(Data items)

———

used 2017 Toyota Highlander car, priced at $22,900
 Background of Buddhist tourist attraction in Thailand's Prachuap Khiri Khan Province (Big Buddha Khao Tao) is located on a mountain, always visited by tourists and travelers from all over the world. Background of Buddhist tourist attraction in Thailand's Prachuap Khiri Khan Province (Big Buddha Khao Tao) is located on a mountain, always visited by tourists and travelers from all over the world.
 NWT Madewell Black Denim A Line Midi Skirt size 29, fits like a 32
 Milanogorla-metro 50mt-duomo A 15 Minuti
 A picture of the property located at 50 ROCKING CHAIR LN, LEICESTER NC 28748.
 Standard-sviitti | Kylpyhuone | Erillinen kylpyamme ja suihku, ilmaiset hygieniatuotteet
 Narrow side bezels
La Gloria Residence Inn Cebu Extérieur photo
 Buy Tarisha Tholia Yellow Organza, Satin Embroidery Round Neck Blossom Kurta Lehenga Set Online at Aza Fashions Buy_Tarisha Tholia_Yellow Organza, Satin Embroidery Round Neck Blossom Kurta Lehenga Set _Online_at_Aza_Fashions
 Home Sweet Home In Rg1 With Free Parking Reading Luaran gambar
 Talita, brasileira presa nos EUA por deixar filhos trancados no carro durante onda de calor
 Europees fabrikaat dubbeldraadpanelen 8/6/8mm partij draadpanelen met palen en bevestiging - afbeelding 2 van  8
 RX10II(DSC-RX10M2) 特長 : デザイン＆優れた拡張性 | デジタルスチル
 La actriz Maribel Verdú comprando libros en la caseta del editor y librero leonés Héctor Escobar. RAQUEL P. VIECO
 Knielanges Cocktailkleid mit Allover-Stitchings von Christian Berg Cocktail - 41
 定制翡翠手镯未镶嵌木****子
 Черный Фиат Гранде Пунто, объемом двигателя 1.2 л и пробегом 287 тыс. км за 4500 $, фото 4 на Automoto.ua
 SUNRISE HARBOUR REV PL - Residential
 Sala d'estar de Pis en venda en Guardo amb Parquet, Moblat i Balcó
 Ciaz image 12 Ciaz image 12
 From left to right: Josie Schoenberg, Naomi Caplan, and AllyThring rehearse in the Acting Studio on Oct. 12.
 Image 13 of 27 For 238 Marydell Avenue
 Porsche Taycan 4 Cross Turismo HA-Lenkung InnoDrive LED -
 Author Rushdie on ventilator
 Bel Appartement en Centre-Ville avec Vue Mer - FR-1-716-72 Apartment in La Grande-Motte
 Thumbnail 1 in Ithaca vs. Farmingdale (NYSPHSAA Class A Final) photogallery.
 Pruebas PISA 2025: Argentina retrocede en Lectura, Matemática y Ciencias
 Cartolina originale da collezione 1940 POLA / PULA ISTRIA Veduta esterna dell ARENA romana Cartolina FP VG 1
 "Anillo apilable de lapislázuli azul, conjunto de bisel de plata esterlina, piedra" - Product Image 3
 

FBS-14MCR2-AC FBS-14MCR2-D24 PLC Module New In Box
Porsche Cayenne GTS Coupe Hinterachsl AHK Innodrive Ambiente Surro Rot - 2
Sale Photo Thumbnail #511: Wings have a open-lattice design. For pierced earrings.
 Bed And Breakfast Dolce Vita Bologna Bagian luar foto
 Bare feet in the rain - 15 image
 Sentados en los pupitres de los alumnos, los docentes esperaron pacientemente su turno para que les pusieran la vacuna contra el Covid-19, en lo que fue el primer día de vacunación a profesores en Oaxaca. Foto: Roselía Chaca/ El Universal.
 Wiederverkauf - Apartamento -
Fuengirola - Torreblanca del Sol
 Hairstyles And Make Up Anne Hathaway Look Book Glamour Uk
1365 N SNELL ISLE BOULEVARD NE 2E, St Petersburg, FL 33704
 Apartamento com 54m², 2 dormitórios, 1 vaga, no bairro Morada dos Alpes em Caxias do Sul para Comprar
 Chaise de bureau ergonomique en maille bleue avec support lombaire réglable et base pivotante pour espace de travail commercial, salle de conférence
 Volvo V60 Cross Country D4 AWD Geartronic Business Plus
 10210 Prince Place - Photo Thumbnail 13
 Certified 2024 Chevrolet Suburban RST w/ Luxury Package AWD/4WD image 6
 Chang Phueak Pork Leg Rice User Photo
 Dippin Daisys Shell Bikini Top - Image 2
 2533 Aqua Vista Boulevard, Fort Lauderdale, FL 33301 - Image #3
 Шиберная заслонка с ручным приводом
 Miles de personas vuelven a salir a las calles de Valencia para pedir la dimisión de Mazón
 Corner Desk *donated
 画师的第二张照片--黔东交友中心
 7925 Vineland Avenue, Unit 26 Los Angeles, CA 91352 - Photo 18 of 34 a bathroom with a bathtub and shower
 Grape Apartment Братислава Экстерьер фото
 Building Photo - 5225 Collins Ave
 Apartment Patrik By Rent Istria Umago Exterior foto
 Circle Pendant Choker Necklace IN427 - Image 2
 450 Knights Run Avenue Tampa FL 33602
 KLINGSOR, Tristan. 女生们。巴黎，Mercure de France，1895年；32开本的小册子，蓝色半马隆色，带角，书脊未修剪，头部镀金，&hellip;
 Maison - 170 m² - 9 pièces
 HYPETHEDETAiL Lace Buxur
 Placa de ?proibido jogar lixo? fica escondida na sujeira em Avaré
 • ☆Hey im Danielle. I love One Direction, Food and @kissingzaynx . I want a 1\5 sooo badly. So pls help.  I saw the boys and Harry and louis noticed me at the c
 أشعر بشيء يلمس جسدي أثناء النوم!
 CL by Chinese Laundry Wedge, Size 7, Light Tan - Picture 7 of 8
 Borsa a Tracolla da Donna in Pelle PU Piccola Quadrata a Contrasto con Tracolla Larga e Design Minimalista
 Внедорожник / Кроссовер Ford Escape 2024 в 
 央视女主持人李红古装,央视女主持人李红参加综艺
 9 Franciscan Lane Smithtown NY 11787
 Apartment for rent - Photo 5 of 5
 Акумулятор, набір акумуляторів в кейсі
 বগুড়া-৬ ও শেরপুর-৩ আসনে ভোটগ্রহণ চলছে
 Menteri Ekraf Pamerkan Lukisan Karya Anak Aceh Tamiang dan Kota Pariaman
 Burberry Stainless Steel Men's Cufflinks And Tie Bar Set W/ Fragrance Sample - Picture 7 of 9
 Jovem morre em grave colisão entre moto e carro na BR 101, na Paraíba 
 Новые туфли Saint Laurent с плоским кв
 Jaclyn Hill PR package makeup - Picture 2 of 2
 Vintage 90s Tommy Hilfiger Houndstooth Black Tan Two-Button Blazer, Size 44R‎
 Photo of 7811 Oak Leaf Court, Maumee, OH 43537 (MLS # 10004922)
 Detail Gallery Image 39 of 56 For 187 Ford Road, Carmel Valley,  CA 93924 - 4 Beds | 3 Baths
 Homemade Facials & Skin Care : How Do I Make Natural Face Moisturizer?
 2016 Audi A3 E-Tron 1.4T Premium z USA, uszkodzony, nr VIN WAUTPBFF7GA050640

———

## PROBLEM TO WORK ON:
Write out each line of the data above again, exactly as given.

## SOLUTION BELOW:
used 2017 Toyota Highlander car, priced at $22,900
 Background of Buddhist tourist attraction in Thailand's Prachuap Khiri Khan Province (Big Buddha Khao Tao) is located on a mountain, always visited by tourists and travelers from all over the world. Background of Buddhist tourist attraction in Thailand's Prachuap Khiri Khan Province (Big Buddha Khao Tao) is located on a mountain, always visited by tourists and travelers from all over the world.
 NWT Madewell Black Denim A Line Midi Skirt size 29, fits like a 32
 Milanogorla-metro 50mt-duomo A 15 Minuti
 A picture of the property located at 50 ROCKING CHAIR LN, LEICESTER NC 28748.
 Standard-sviitti | Kylpyhuone | Erillinen kylpyamme ja suihku, ilmaiset hygieniatuotteet
 Narrow side bezels
La Gloria Residence Inn Cebu Extérieur photo
 Buy Tarisha Tholia Yellow Organza, Satin Embroidery Round Neck Blossom Kurta Lehenga Set Online at Aza Fashions Buy_Tarisha Tholia_Yellow Organza, Satin Embroidery Round Neck Blossom Kurta Lehenga Set _Online_at_Aza_Fashions
 Home Sweet Home In Rg1 With Free Parking Reading Luaran gambar
 Talita, brasileira presa nos EUA por deixar filhos trancados no carro durante onda de calor
 Europees fabrikaat dubbeldraadpanelen 8/6/8mm partij draadpanelen met palen en bevestiging - afbeelding 2 van  8
 RX10II(DSC-RX10M2) 特長 : デザイン＆優れた拡張性 | デジタルスチル
 La actriz Maribel Verdú comprando libros en la caseta del editor y librero leonés Héctor Escobar. RAQUEL P. VIECO
 Knielanges Cocktailkleid mit Allover-Stitchings von Christian Berg Cocktail - 41
 定制翡翠手镯未镶嵌木****子
 Черный Фиат Гранде Пунто, объемом двигателя 1.2 л и пробегом 287 тыс. км за 4500 $, фото 4 на Automoto.ua
 SUNRISE HARBOUR REV PL - Residential
 Sala d'estar de Pis en venda en Guardo amb Parquet, Moblat i Balcó
 Ciaz image 12 Ciaz image 12
 From left to right: Josie Schoenberg, Naomi Caplan, and AllyThring rehearse in the Acting Studio on Oct. 12.
 Image 13 of 27 For 238 Marydell Avenue
 Porsche Taycan 4 Cross Turismo HA-Lenkung InnoDrive LED -
 Author Rushdie on ventilator
 Bel Appartement en Centre-Ville avec Vue Mer - FR-1-716-72 Apartment in La Grande-Motte
 Thumbnail 1 in Ithaca vs. Farmingdale (NYSPHSAA Class A Final) photogallery.
 Pruebas PISA 2025: Argentina retrocede en Lectura, Matemática y Ciencias
 Cartolina originale da collezione 1940 POLA / PULA ISTRIA Veduta esterna dell ARENA romana Cartolina FP VG 1
 "Anillo apilable de lapislázuli azul, conjunto de bisel de plata esterlina, piedra" - Product Image 3
 

FBS-14MCR2-AC FBS-14MCR2-D24 PLC Module New In Box
Porsche Cayenne GTS Coupe Hinterachsl AHK Innodrive Ambiente Surro Rot - 2
Sale Photo Thumbnail #511: Wings have a open-lattice design. For pierced earrings.
 Bed And Breakfast Dolce Vita Bologna Bagian luar foto
 Bare feet in the rain - 15 image
 Sentados en los pupitres de los alumnos, los docentes esperaron pacientemente su turno para que les pusieran la vacuna contra el Covid-19, en lo que fue el primer día de vacunación a profesores en Oaxaca. Foto: Roselía Chaca/ El Universal.
 Wiederverkauf - Apartamento -
Fuengirola - Torreblanca del Sol
 Hairstyles And Make Up Anne Hathaway Look Book Glamour Uk
1365 N SNELL ISLE BOULEVARD NE 2E, St Petersburg, FL 33704
 Apartamento com 54m², 2 dormitórios, 1 vaga, no bairro Morada dos Alpes em Caxias do Sul para Comprar
 Chaise de bureau ergonomique en maille bleue avec support lombaire réglable et base pivotante pour espace de travail commercial, salle de conférence
 Volvo V60 Cross Country D4 AWD Geartronic Business Plus
 10210 Prince Place - Photo Thumbnail 13
 Certified 2024 Chevrolet Suburban RST w/ Luxury Package AWD/4WD image 6
 Chang Phueak Pork Leg Rice User Photo
 Dippin Daisys Shell Bikini Top - Image 2
 2533 Aqua Vista Boulevard, Fort Lauderdale, FL 33301 - Image #3
 Шиберная заслонка с ручным приводом
 Miles de personas vuelven a salir a las calles de Valencia para pedir la dimisión de Mazón
 Corner Desk *donated
 画师的第二张照片--黔东交友中心
 7925 Vineland Avenue, Unit 26 Los Angeles, CA 91352 - Photo 18 of 34 a bathroom with a bathtub and shower
 Grape Apartment Братислава Экстерьер фото
 Building Photo - 5225 Collins Ave
 Apartment Patrik By Rent Istria Umago Exterior foto
 Circle Pendant Choker Necklace IN427 - Image 2
 450 Knights Run Avenue Tampa FL 33602
 KLINGSOR, Tristan. 女生们。巴黎，Mercure de France，1895年；32开本的小册子，蓝色半马隆色，带角，书脊未修剪，头部镀金，&hellip;
 Maison - 170 m² - 9 pièces
 HYPETHEDETAiL Lace Buxur
 Placa de ?proibido jogar lixo? fica escondida na sujeira em Avaré
 • ☆Hey im Danielle. I love One Direction, Food and @kissingzaynx . I want a 1\5 sooo badly. So pls help.  I saw the boys and Harry and louis noticed me at the c
 أشعر بشيء يلمس جسدي أثناء النوم!
 CL by Chinese Laundry Wedge, Size 7, Light Tan - Picture 7 of 8
 Borsa a Tracolla da Donna in Pelle PU Piccola Quadrata a Contrasto con Tracolla Larga e Design Minimalista
 Внедорожник / Кроссовер Ford Escape 2024 в 
 央视女主持人李红古装,央视女主持人李红参加综艺
 9 Franciscan Lane Smithtown NY 11787
 Apartment for rent - Photo 5 of 5
 Акумулятор, набір акумуляторів в кейсі
 বগুড়া-৬ ও শেরপুর-৩ আসনে ভোটগ্রহণ চলছে
 Menteri Ekraf Pamerkan Lukisan Karya Anak Aceh Tamiang dan Kota Pariaman
 Burberry Stainless Steel Men's Cufflinks And Tie Bar Set W/ Fragrance Sample - Picture 7 of 9
 Jovem morre em grave colisão entre moto e carro na BR 101, na Paraíba 
 Новые туфли Saint Laurent с плоским кв
 Jaclyn Hill PR package makeup - Picture 2 of 2
 Vintage 90s Tommy Hilfiger Houndstooth Black Tan Two-Button Blazer, Size 44R‎
 Photo of 7811 Oak Leaf Court, Maumee, OH 43537 (MLS # 10004922)
 Detail Gallery Image 39 of 56 For 187 Ford Road, Carmel Valley,  CA 93924 - 4 Beds | 3 Baths
 Homemade Facials & Skin Care : How Do I Make Natural Face Moisturizer?
 2016 Audi A3 E-Tron 1.4T Premium z USA, uszkodzony, nr VIN WAUTPBFF7GA050640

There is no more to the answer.